» **WORK INSTRUCTION**
The first line of the entries and each line after it, through the one that contains "玄関　色合いは異なる場合があります（イメージ）", are to be duplicated exactly; no picture belongs in the copy.

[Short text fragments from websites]

-- Opening Marker --

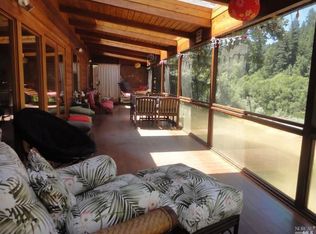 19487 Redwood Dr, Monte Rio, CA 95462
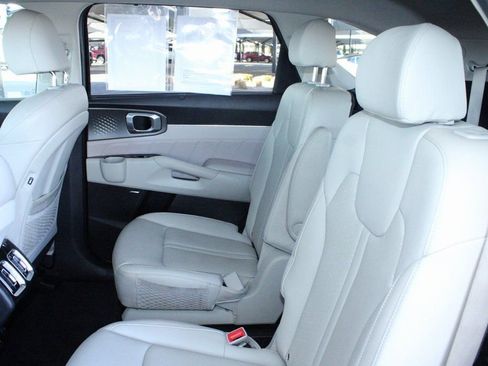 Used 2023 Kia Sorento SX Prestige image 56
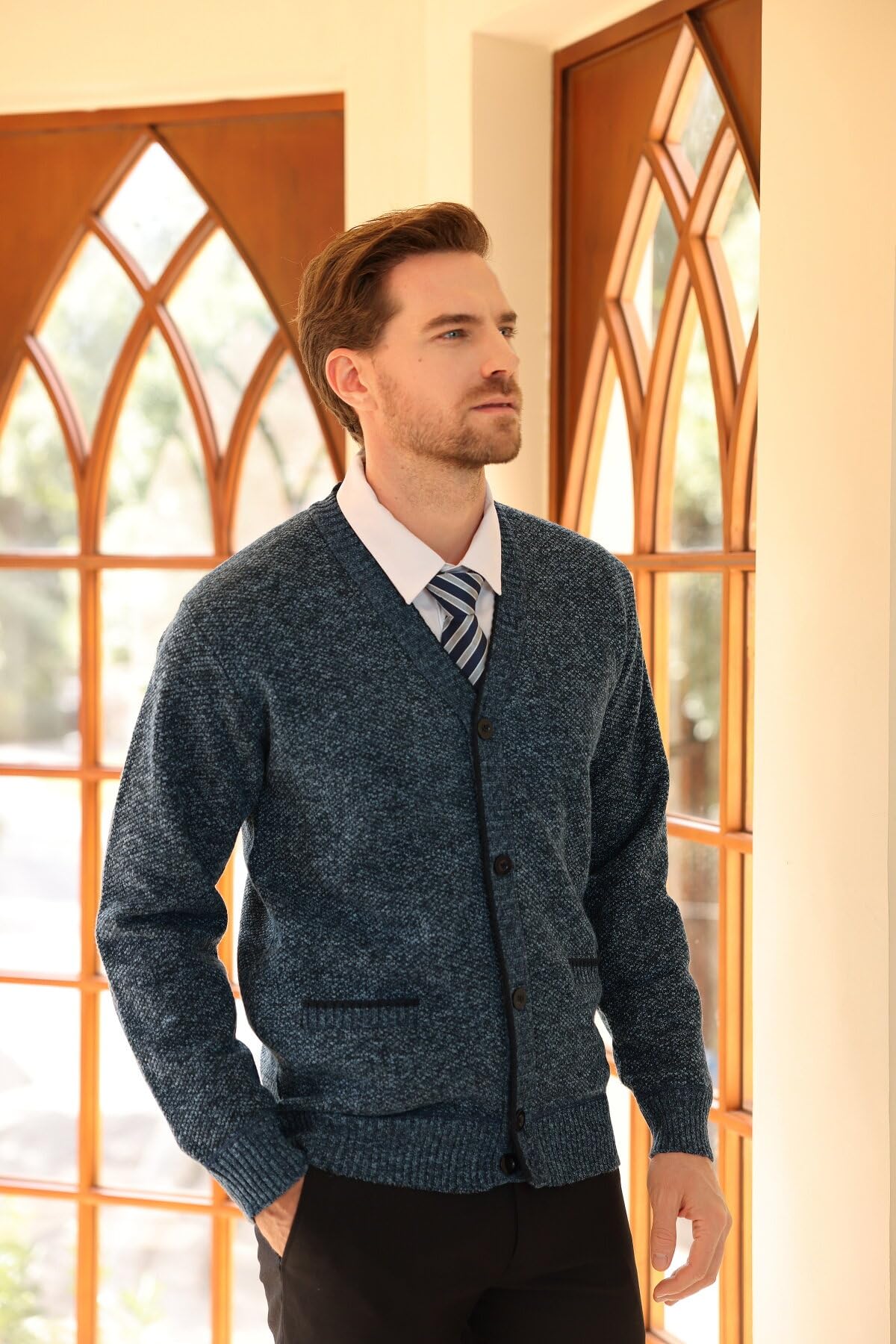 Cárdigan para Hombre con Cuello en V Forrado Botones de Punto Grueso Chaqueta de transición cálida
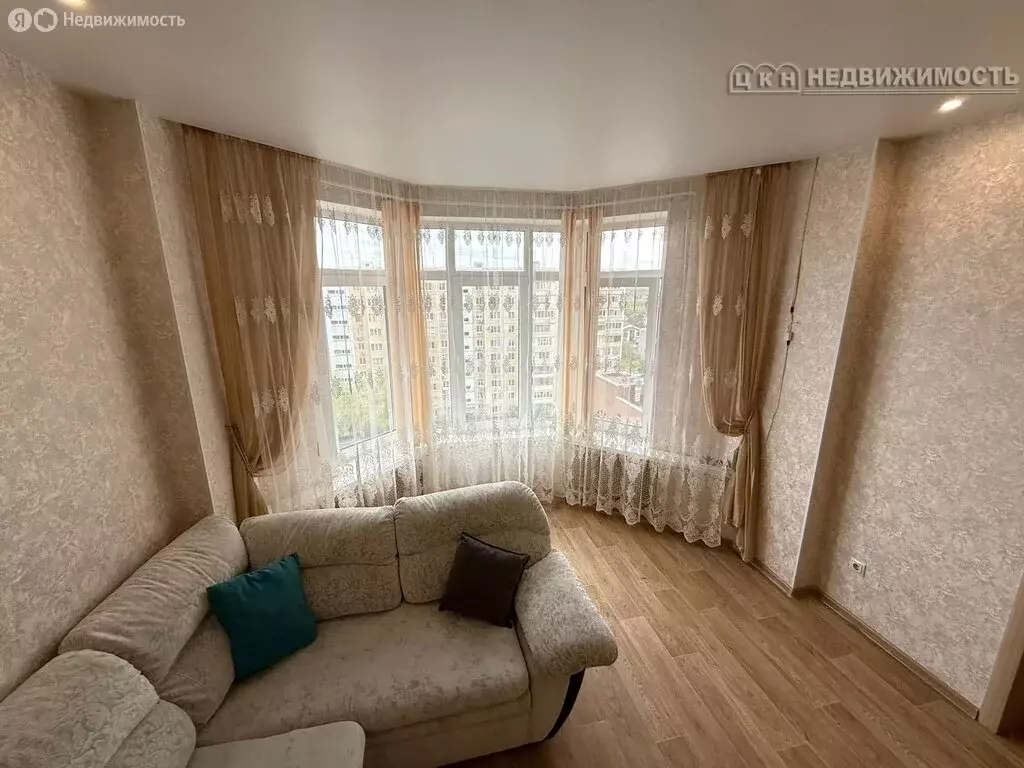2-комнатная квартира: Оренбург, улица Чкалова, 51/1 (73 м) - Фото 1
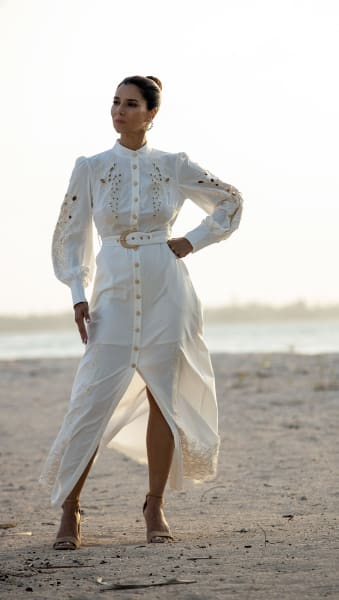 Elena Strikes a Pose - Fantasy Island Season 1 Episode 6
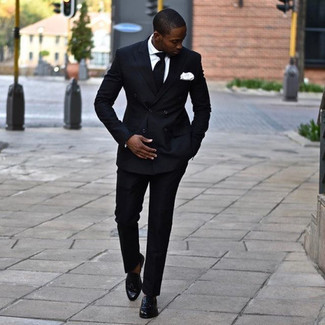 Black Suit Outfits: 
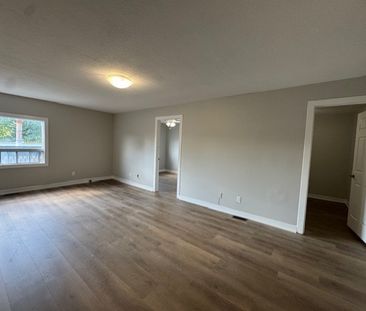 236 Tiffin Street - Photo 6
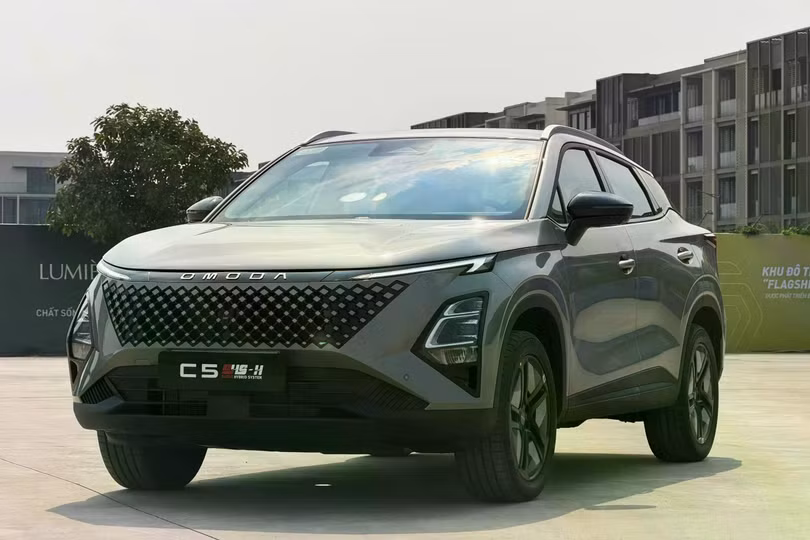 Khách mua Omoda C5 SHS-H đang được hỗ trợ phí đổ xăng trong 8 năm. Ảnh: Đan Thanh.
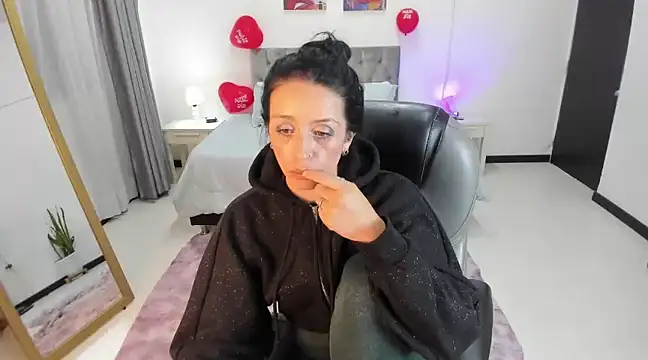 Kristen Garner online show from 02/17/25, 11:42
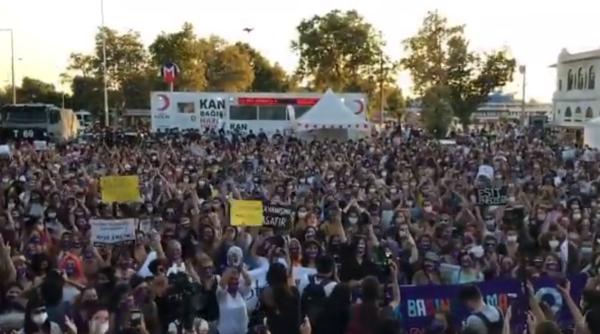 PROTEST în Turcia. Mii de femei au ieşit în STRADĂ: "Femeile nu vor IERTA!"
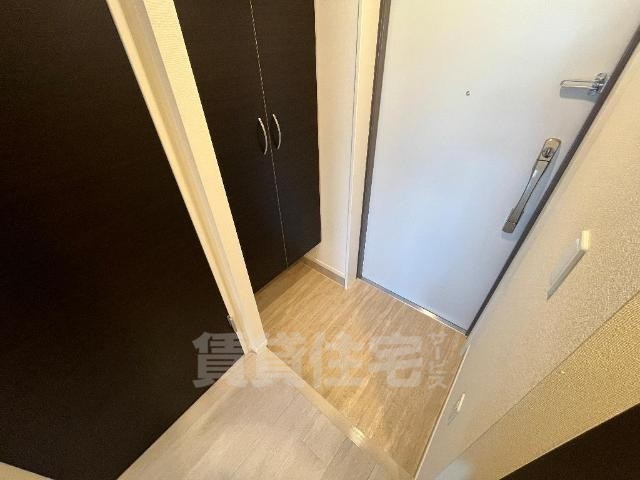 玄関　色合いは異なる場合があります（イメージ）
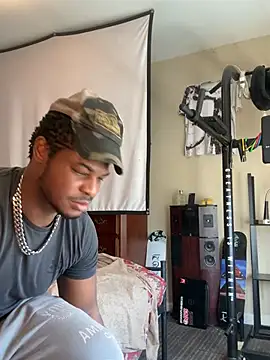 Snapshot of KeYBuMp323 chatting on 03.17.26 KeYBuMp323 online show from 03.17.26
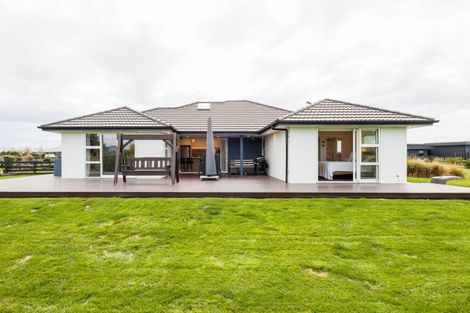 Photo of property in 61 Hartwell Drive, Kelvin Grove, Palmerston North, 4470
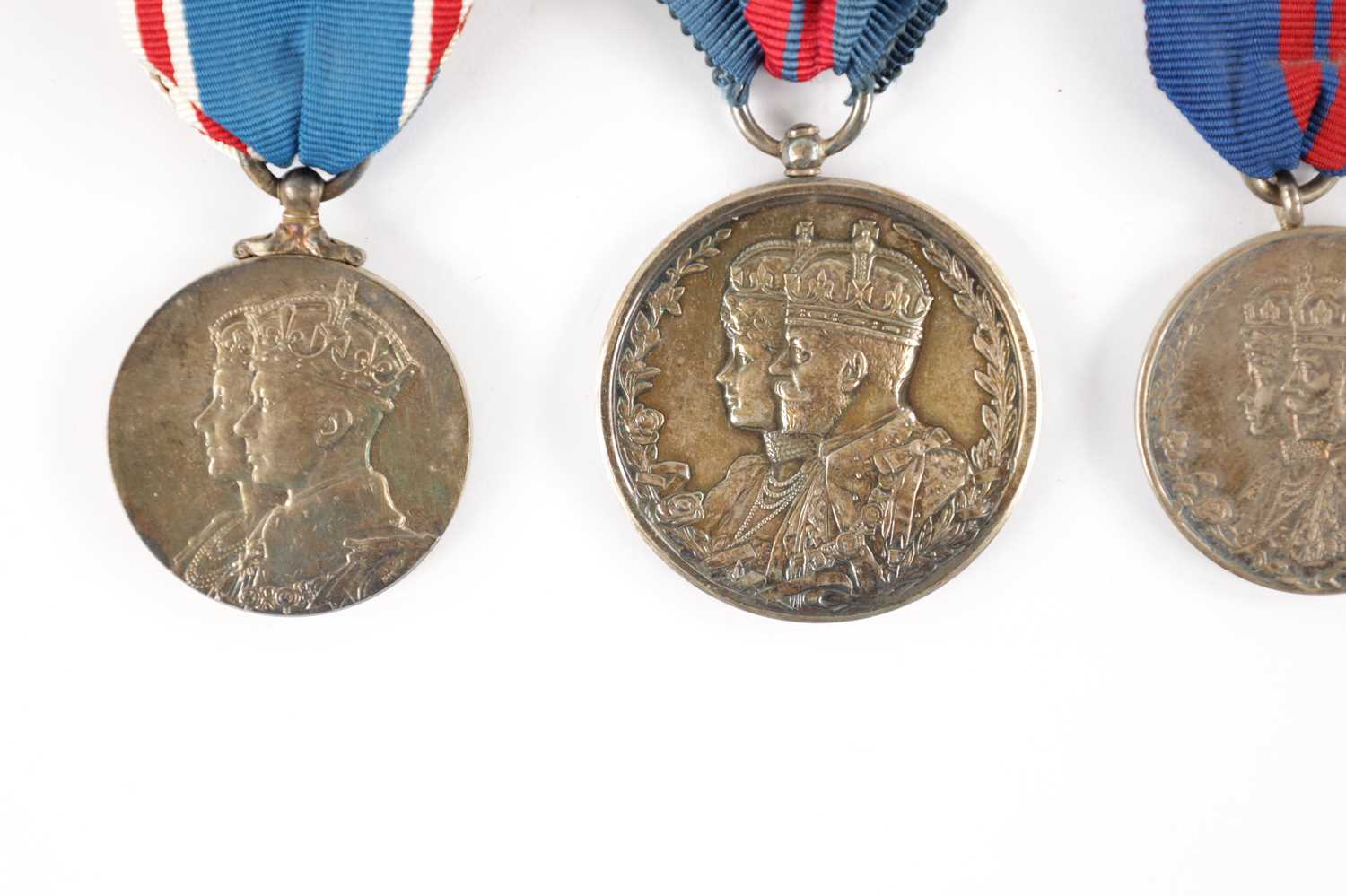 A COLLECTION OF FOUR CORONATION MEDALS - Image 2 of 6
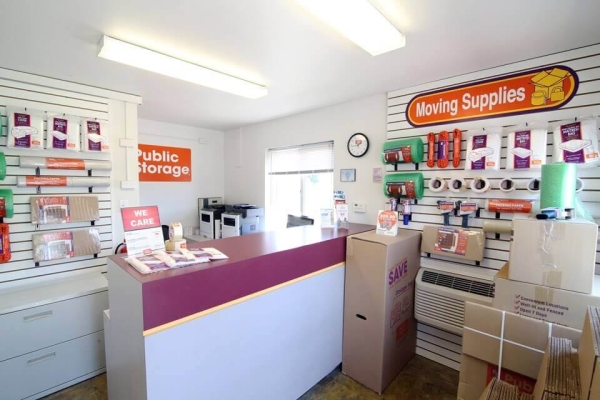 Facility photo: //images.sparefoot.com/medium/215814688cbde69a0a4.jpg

-- Closing Marker --

» **SOLUTION FOR THIS TASK**
 19487 Redwood Dr, Monte Rio, CA 95462
 Used 2023 Kia Sorento SX Prestige image 56
 Cárdigan para Hombre con Cuello en V Forrado Botones de Punto Grueso Chaqueta de transición cálida
2-комнатная квартира: Оренбург, улица Чкалова, 51/1 (73 м) - Фото 1
 Elena Strikes a Pose - Fantasy Island Season 1 Episode 6
 Black Suit Outfits: 
 236 Tiffin Street - Photo 6
 Khách mua Omoda C5 SHS-H đang được hỗ trợ phí đổ xăng trong 8 năm. Ảnh: Đan Thanh.
 Kristen Garner online show from 02/17/25, 11:42
 PROTEST în Turcia. Mii de femei au ieşit în STRADĂ: "Femeile nu vor IERTA!"
 玄関　色合いは異なる場合があります（イメージ）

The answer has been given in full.